**Data excerpts**
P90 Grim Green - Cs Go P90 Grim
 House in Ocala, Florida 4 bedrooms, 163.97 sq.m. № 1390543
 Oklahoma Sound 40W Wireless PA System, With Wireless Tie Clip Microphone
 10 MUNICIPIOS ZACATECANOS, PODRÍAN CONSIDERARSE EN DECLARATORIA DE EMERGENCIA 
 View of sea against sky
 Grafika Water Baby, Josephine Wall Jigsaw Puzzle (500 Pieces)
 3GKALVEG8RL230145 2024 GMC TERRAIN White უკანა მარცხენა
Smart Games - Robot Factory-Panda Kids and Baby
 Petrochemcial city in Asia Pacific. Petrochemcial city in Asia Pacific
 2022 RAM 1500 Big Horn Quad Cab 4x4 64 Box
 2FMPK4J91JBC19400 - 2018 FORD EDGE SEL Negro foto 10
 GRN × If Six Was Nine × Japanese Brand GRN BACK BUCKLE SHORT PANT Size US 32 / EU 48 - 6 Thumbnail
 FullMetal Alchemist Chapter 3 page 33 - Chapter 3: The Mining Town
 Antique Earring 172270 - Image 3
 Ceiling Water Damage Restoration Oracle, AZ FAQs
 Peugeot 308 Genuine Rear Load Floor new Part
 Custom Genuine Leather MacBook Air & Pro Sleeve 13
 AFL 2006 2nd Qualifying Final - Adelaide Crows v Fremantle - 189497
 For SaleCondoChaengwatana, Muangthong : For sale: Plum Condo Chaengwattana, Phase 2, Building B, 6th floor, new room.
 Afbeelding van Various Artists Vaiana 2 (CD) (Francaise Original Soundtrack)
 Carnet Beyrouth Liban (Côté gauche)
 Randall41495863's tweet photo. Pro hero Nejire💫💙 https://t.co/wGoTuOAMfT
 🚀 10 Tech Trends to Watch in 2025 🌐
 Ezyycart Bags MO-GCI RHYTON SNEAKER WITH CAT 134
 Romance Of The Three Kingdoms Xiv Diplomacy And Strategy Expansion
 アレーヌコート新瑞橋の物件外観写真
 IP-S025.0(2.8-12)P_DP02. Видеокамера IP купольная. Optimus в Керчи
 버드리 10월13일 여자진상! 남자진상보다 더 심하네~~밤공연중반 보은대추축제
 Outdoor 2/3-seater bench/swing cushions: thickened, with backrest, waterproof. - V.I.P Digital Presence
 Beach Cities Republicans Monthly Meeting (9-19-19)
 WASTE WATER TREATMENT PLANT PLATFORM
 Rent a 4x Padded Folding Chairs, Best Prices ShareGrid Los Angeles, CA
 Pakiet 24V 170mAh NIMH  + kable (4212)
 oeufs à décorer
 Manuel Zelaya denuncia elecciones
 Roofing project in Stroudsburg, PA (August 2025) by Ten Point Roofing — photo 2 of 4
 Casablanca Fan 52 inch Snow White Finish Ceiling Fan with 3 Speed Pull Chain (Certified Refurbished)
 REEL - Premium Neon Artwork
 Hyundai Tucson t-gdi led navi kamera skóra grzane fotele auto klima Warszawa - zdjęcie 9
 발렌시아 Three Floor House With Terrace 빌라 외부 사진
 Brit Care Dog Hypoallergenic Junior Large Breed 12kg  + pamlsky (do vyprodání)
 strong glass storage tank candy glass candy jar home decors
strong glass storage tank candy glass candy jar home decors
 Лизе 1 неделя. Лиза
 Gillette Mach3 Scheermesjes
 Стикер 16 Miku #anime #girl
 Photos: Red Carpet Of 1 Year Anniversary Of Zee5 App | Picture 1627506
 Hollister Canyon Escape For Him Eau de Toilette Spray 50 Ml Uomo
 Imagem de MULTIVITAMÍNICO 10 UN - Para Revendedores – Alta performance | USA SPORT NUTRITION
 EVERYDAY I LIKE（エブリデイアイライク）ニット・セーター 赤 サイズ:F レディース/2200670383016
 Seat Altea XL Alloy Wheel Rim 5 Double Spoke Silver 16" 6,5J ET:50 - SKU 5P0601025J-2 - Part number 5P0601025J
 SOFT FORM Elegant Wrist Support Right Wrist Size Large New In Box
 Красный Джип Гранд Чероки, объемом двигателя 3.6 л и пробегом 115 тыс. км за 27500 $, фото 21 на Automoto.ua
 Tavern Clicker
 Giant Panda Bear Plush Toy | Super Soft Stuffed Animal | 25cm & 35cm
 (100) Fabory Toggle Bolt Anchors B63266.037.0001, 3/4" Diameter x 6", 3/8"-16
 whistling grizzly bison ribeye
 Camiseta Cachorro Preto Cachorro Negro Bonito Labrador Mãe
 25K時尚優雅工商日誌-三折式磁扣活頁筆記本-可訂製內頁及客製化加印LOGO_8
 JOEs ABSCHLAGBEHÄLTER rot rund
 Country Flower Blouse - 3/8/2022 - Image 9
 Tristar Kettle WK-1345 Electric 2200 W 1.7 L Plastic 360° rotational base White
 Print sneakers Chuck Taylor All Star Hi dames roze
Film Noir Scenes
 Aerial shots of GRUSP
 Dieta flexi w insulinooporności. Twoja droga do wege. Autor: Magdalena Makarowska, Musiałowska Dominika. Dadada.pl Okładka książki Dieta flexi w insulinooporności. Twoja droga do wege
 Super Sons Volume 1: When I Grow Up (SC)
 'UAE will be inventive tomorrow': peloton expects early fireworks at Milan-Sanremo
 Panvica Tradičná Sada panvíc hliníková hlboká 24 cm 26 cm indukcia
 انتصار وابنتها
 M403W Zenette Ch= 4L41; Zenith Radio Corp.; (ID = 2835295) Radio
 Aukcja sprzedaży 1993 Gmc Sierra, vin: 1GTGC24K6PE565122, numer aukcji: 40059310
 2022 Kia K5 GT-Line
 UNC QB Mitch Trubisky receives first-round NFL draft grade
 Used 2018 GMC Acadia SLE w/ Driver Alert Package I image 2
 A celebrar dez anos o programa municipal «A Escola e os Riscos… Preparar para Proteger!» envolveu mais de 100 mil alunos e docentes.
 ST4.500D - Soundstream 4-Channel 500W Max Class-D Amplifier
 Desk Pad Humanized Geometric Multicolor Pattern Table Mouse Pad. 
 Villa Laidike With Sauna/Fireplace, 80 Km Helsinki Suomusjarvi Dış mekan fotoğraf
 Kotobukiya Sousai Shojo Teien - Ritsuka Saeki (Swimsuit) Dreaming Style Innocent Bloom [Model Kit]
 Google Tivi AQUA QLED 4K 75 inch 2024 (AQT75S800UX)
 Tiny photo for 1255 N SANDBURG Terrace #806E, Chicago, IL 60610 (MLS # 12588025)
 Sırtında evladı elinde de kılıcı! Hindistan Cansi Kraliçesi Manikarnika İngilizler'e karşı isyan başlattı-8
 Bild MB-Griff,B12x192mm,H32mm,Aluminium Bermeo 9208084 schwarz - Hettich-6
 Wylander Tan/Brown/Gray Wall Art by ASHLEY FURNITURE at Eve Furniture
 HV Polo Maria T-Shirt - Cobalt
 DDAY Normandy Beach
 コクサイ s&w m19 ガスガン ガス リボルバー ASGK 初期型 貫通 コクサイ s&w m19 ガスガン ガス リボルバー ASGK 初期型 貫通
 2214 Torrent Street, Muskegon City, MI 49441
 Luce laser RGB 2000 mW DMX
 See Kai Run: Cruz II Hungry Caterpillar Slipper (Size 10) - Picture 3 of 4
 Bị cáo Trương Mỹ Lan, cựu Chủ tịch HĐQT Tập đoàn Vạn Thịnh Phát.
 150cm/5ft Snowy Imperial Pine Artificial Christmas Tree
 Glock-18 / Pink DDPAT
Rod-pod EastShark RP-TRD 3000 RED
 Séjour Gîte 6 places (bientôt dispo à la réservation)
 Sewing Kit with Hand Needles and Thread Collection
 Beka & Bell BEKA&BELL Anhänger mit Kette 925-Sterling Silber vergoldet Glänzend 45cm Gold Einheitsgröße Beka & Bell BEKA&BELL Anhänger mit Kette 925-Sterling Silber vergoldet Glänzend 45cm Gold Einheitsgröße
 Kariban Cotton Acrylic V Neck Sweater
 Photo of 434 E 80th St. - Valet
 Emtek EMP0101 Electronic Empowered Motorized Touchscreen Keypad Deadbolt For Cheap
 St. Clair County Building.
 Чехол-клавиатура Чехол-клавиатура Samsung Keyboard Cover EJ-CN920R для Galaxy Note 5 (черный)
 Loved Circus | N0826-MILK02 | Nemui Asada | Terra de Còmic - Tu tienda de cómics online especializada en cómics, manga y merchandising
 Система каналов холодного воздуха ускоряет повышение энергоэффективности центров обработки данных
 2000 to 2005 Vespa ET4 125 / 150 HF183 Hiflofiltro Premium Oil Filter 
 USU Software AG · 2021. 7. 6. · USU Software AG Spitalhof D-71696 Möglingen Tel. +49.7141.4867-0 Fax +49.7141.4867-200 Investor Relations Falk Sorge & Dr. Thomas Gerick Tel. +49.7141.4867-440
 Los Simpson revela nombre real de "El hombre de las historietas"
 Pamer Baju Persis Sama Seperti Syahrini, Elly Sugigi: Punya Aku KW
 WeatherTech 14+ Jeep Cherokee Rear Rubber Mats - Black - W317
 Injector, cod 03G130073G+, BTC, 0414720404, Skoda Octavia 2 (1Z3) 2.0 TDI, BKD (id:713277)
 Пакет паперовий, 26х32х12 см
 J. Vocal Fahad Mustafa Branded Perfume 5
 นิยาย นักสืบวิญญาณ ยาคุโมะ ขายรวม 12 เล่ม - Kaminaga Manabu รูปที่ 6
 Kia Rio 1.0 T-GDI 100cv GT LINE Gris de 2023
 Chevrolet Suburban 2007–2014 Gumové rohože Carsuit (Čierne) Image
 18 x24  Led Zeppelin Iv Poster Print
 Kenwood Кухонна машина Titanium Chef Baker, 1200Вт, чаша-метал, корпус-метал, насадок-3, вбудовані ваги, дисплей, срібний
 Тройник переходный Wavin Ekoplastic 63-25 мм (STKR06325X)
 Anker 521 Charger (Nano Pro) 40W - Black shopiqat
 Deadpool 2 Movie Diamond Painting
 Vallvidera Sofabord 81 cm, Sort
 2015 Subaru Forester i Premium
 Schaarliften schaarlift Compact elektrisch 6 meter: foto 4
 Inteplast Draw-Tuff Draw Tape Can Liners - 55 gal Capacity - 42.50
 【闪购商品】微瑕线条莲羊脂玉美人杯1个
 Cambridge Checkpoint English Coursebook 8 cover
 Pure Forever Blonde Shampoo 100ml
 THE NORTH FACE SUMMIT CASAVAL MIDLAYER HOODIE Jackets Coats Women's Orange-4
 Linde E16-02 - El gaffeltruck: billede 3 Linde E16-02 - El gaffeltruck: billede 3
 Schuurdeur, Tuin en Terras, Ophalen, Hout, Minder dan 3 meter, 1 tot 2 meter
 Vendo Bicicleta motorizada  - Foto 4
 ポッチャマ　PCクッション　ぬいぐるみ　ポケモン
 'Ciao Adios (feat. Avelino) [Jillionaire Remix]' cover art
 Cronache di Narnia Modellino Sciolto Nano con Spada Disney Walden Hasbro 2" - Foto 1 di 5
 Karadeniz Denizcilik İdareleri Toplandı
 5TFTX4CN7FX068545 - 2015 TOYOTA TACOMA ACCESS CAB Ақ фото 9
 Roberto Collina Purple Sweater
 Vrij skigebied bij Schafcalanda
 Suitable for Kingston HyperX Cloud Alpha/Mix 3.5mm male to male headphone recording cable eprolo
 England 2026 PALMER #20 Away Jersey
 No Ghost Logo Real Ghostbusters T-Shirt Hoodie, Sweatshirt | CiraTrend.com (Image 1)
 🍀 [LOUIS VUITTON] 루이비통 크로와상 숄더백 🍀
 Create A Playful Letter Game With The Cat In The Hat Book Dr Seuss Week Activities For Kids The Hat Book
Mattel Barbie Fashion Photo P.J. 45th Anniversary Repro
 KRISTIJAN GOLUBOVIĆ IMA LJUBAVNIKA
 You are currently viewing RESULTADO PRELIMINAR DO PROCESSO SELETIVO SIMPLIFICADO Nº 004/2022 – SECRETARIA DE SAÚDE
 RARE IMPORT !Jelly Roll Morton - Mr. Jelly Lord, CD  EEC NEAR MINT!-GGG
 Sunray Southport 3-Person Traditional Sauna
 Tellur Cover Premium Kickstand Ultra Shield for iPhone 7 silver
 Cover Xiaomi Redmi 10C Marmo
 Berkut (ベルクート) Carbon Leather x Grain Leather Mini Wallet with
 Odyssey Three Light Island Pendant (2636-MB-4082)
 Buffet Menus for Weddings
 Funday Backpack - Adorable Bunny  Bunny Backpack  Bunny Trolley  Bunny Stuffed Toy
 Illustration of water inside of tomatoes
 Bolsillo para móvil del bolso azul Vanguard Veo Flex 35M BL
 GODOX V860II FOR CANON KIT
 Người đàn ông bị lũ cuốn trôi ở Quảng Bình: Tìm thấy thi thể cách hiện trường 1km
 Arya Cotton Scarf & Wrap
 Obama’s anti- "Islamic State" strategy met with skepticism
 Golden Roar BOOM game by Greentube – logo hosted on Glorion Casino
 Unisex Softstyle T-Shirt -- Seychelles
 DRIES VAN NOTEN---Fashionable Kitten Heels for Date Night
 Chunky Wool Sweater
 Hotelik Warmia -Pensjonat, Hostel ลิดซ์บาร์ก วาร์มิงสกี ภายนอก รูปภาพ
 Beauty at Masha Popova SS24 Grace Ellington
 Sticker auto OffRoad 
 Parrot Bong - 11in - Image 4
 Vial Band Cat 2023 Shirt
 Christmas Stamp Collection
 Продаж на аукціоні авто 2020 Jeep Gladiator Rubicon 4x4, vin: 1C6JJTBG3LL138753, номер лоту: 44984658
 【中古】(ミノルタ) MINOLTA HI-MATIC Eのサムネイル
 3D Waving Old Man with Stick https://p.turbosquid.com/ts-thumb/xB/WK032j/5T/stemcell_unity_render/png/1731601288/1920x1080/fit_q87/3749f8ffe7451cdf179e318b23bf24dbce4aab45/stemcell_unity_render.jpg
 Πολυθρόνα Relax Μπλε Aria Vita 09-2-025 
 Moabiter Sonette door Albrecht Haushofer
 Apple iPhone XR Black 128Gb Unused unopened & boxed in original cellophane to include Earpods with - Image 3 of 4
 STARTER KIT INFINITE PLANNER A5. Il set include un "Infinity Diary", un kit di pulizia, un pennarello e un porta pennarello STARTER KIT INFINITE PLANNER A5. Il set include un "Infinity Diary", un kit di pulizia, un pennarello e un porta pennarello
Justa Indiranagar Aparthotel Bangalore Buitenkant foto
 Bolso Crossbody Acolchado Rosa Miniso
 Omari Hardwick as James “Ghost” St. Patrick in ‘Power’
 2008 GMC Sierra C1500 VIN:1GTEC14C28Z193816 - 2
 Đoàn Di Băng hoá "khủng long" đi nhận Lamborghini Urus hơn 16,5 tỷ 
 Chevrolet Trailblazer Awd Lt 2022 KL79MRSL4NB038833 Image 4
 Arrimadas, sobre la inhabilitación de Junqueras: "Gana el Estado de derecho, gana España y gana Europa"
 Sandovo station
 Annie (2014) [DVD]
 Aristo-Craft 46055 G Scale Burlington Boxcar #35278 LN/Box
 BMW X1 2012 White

**Task description**
As the answer, set down only the lines from the data above between the one holding "Funday Backpack - Adorable" and the one holding "Unisex Softstyle T-Shirt -- Seychelles", inclusive, exactly as they read.

**Solution to this problem**
 Funday Backpack - Adorable Bunny  Bunny Backpack  Bunny Trolley  Bunny Stuffed Toy
 Illustration of water inside of tomatoes
 Bolsillo para móvil del bolso azul Vanguard Veo Flex 35M BL
 GODOX V860II FOR CANON KIT
 Người đàn ông bị lũ cuốn trôi ở Quảng Bình: Tìm thấy thi thể cách hiện trường 1km
 Arya Cotton Scarf & Wrap
 Obama’s anti- "Islamic State" strategy met with skepticism
 Golden Roar BOOM game by Greentube – logo hosted on Glorion Casino
 Unisex Softstyle T-Shirt -- Seychelles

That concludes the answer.